===== Data provided =====

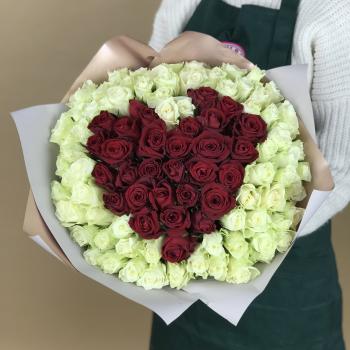 Букет 101 роза (Кения) в виде Сердца код товара   26676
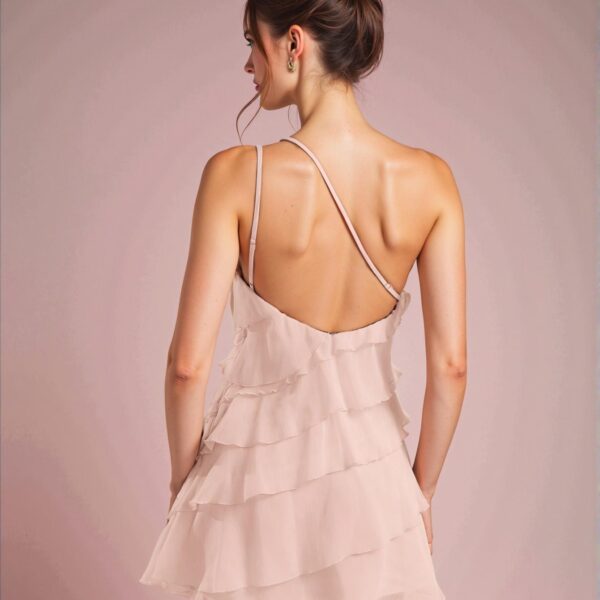 Elegant Dusty Pink Charming Layered Mini Dress for Social Gatherings, Nightlife, and Festive Events - Chic, Classy and Trendy Fashion Style to Dress to Impress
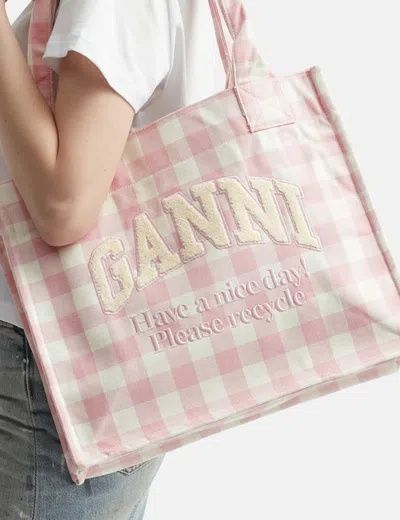Ganni Womens Bleached Mauve Vichy Check Large Cotton Shopper Bag In Pink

=====

Exercise
Repeat the data above exactly, but not the pictures.

Reply
 Букет 101 роза (Кения) в виде Сердца код товара   26676
 Elegant Dusty Pink Charming Layered Mini Dress for Social Gatherings, Nightlife, and Festive Events - Chic, Classy and Trendy Fashion Style to Dress to Impress
Ganni Womens Bleached Mauve Vichy Check Large Cotton Shopper Bag In Pink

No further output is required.